Rémy Simard : Monsieur le Président
Rémy Simard n’a pas chômé depuis les excellents strips qu’il réalisait dans Voir au milieu des années 80.
Rémy Simard
n’a pas chômé depuis les excellents strips qu’il réalisait dans Voir au milieu des années 80. Également illustrateur et auteur jeunesse, il a signé une abondante oeuvre BD, comprenant l’inoubliable Le père Noël a une crevaison (paru en 1994), et il a été le fondateur des éditions Kami-Case, spécialisées en bande dessinée, vendues il y a quelques années à Boréal qui en a fait une collection. C’est dans celle-ci que vient de paraître son plus récent album, Monsieur le Président, jolie fable sociale et politique aux résonances actuelles étonnantes.

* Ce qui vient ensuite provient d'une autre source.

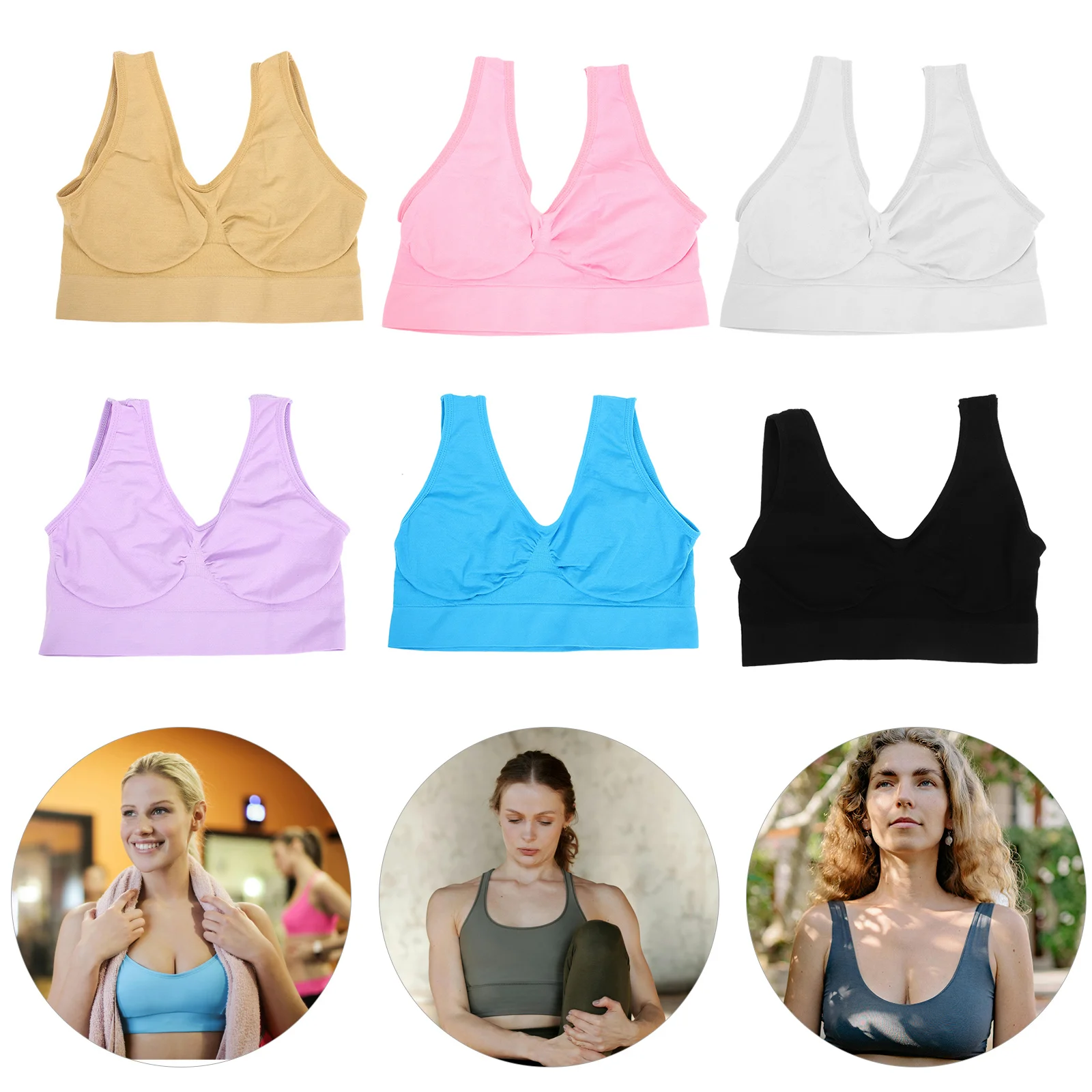 6Pcs Sports Bra for Women Seamless Design No Shoulder Back Discomfort Various Sizes Breathable Sweat Absorbent High Elasticity
6Pcs Sports Bra for Women Seamless Design No Shoulder Back Discomfort Various Sizes Breathable Sweat Absorbent High Elasticity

Le président d’une république arrondit ses fins de mois en se transformant en clown, plus précisément en homme obus, semant ses gardes du corps pour se rendre au cirque, au grand désespoir de son conseiller politique. Ce personnage bonasse, élu par acclamation, a autrefois remis son pays sur la voie de la prospérité, ayant ouvert une chaîne de hamburgers durant une crise économique et nourri le peuple à petit prix.
Une fois la guerre déclarée par un pays étranger, le président est forcé de se concentrer sur les affaires de l’État et de constater que celui-ci va mal… C’est que le pays se détruit de l’intérieur. Les soldats meurent de crises cardiaques avant même d’aller combattre, des avions tombent sans raison apparente, des tours s’écroulent, sans compter que la population entière souffre d’obésité…
Réalisé avant les attentats du 11 septembre, l’album de Simard semble étrangement visionnaire. Des catastrophes aériennes aux hamburgers parachutés sur un pays bombardé la veille, en passant par une scène où le président apprend la déclaration de guerre par l’entremise de son conseiller penché vers lui, le tout nous renvoie à une bien triste actualité. Loin de s’adresser uniquement aux enfants (premier public de Simard), Monsieur le Président se lit aussi comme une réflexion sur notre mal du siècle et comme une parodie de l’impérialisme américain.
Habituellement maître du noir et blanc, qui fait ressortir l’élégance de son dessin, réalisé par ordinateur, Simard s’exerce dans cet album à la couleur, avec un certain succès et une gamme de tons réduite. Une petite réserve: la typographie électronique étant un peu froide, le texte des bulles aurait eu avantage à être calligraphié. Cette méthode ne constitue-t-elle pas l’une des beautés de la bande dessinée, et qui la rend si vivante? Somme toute, Monsieur le Président est un fort bel album, drôle, à lire en famille, à l’exemple des sympathiques père et fils de son prologue. Kami-Case, 2001, 104 p.